31 - Aimee VS Gasta... Wait, What?

116 13 0
                                    

Sekolah lagi.

Bertemu Aimee lagi.

Entah sudah berapa hari Gasta tidak berbincang-bincang dengan Aimee. Menyapapun tidak. Bukan karena Gasta masih marah. Namun karena Aimee yang benar-benar berubah.

Aimee berubah sejak Deon pergi. Terlepas dari asumsi bahwa Gasta-lah yang memicu kepergian Deon, Aimee memang menjadi cenderung pemarah kali ini. Bukan hanya Gasta, namun seisi kelas 8A juga menyadarinya.

"Aimee stress kali."
"Ya masih trauma lah, pacarnya men yang meninggal, pacarnya!"
"Lebay banget lah si Aimee. Kayak nggak ada yang naksir dia aja."
"Gagal move on paling berat itu bukan ama pacar yang tiba-tiba jadian ama orang lain. Tapi ama pacar yang udah meninggal dunia. Dan Aimee salah satu korbannya."

Dan masih banyak cibiran lainnya yang bahkan Aimee dengar, tapi pura-pura tidak tahu.

Namun Tuhan Maha Berencana.

Di mata pelajaran fisika, entah bagaimana Bu Lisa tiba-tiba mengelompokkan Gasta dengan Aimee, Danes, dan Fitri. Semuanya terbelalak kaget, tentu saja. Apa jadinya nanti? Fitri anak yang paling pendiam di kelas 8A. Dan Gasta tentu jarang sekali berinteraksi dengannya.

"Bu, saya pindah kelompok ya?" protes Gasta di depan meja Bu Lisa.
"Kenapa?"
"Nggak enak Bu, ama mereka."
"Nggak enak gimana? Aimee kan peringkat 3 di kelas. Danes anak olimpiade. Fitri juga lumayan pinter. Gimana bisa nggak enak?"
"Ck. Ayolah Bu."
"Kamu jangan pilih-pilih teman, Gas. Udah. Nggak ada pindah-pindahan kelompok."

Gasta tertunduk lesu dan kembali ke bangkunya.

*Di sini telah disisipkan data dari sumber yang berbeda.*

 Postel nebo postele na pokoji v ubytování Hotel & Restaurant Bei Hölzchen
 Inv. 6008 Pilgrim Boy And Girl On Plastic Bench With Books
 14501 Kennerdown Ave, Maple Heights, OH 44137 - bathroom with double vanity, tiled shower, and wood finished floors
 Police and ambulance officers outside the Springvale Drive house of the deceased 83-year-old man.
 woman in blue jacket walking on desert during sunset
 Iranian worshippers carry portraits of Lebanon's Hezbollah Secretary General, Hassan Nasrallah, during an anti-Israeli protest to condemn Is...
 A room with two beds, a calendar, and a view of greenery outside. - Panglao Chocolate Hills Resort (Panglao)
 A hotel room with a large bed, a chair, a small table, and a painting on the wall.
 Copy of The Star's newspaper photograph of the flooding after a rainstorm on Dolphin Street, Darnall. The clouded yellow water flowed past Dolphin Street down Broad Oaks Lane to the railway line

Dan, sepertinya yang sudah Gasta duga, kelompok mereka sungguh dingin. Danes, apalagi Aimee, seakan tidak menganggap bahwa Gasta ada di sana. Aimee bahkan bersikap manis pada Danes, yang mana sulit sekali dipercayai oleh Gasta.

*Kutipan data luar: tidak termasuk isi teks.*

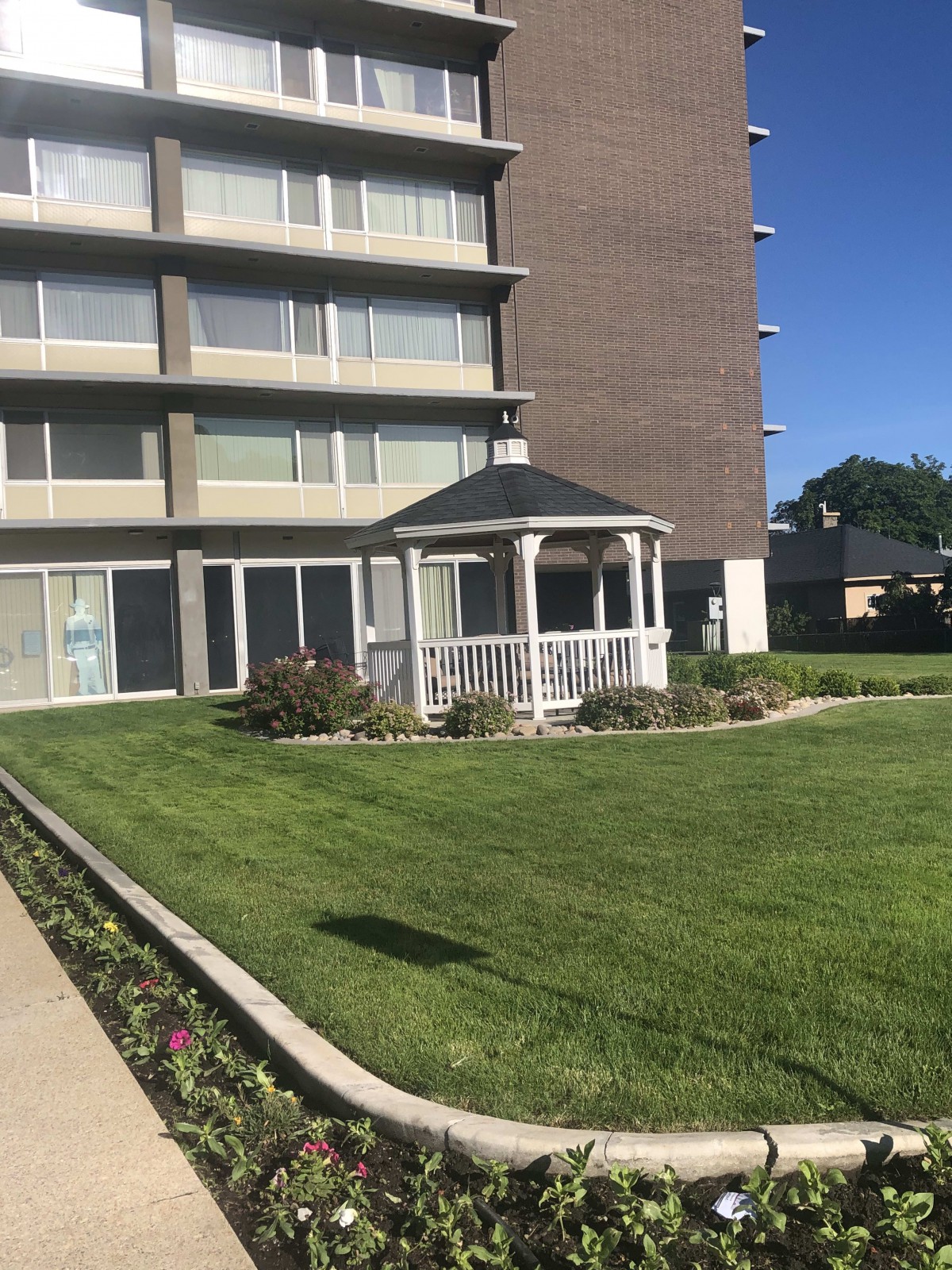 A well-maintained lawn with a gazebo in front of a multi-story building.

"Gue garap yang mana nih?" Gasta memberanikan diri buka suara.
"Yang materi keempat aja Gas." sahut Fitri pelan.
Gasta melirik Aimee, mencoba berbasa-basi. "Mee, mau tukeran materi ama gue?"
"Ngga usah."
"Punya gue cuma dikit loh. Gampang bikinnya."
"No, thanks." balasnya tanpa menatap Gasta. Gasta menghela napas panjang. Ingin rasanya dia menarik Aimee dari situ lalu mengajaknya ngobrol serius untuk meluruskan masalah mereka.

Fitri tampaknya peka. Dia langsung mengajak Danes berdiskusi. "Dan, sini deh gue bantu. Etapi di bangku gue aja ya? Biar Aimee ama Gasta fokus ama materi mereka."
Danes mengiyakan saja.
"Eit, mo kemana? Gue ikut!" seru Aimee.
"Udah lo di sini aja, lo sharing ama Gasta. Kan materi ketiga ama keempat nyambung. Gue ama Danes kesono." kilah Fitri. Aimee mendengus kesal.

Tinggallah kini mereka berdua, duduk bersebelahan. Rasa canggung menyelimuti mereka. Betapa sakit hati bisa mengubah suatu rasa menjadi sebaliknya dalam kurun waktu yang tidak lama.

"Gue kaga paham Mee."
"Makanya baca."
"Lo ngerti kan? Gimana sih maksudnya?"
"Masa gitu aja lo ga ngerti sih?" dengus Aimee. Namun aneh juga rasanya memanggil Gasta dengan 'lo', bukan 'kamu' seperti biasa.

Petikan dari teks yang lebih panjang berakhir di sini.